Как-то на соседней скамье Макаров заметил девушку, одетую в простое ситцевое платье, в черных туфельках-лодочках. Девушка сидела неподвижно, повернувшись к нему спиной. Вдруг он заметил, что плечи ее судорожно вздрагивают.
— Что с вами? — подошел к ней Макаров. — Может быть, вы нездоровы?
Она подняла к нему мокрое от слез лицо, взглянула серыми, какими-то прозрачными глазами.
— Сейчас все пройдет, — торопливо ответила она. — Что-то такое подкатилось к сердцу, сама не понимаю.
Она вытерла лицо платочком, улыбнулась.
— Вот уже все прошло!
Так Макаров познакомился с Ниной Беловой.
Через несколько дней он вновь встретил ее в этом же скверике, проводил домой. Она жила на Гоголевской улице у своей родственницы Алены.

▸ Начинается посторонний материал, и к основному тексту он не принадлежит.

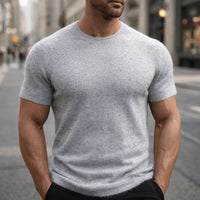 Men's Lightweight Knit Short Sleeve Tee Close Up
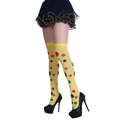 Close-up of yellow over-the-knee socks with colorful polka dots for Halloween costumes - One Size / Yellow Socks with Multi-Color Dots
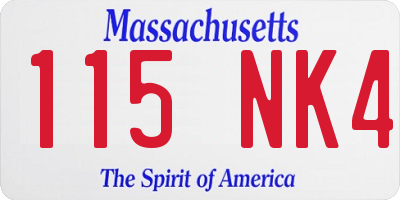 MA license plate 115NK4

Немолодая, с бледным лицом и увядшими губами, Алена встретила его, как старого знакомого. Здесь же Макаров познакомился с завсегдатаем этой квартиры Анатолием Курлатовым, стройным и подтянутым, какого-то военного облика мужчиной. Он был одет в полувоенную форму, сапоги, брюки галифе и френч. Волосы его были разделены прямым аккуратнейшим пробором. Знакомясь с Макаровым, он щелкнул каблуками, сверкнул мелкими, хищными белыми зубами.
— Анатолий Курлатов. Из разночинцев. Профессор кислых щей и баварского пива. Он же изобретатель ваксы.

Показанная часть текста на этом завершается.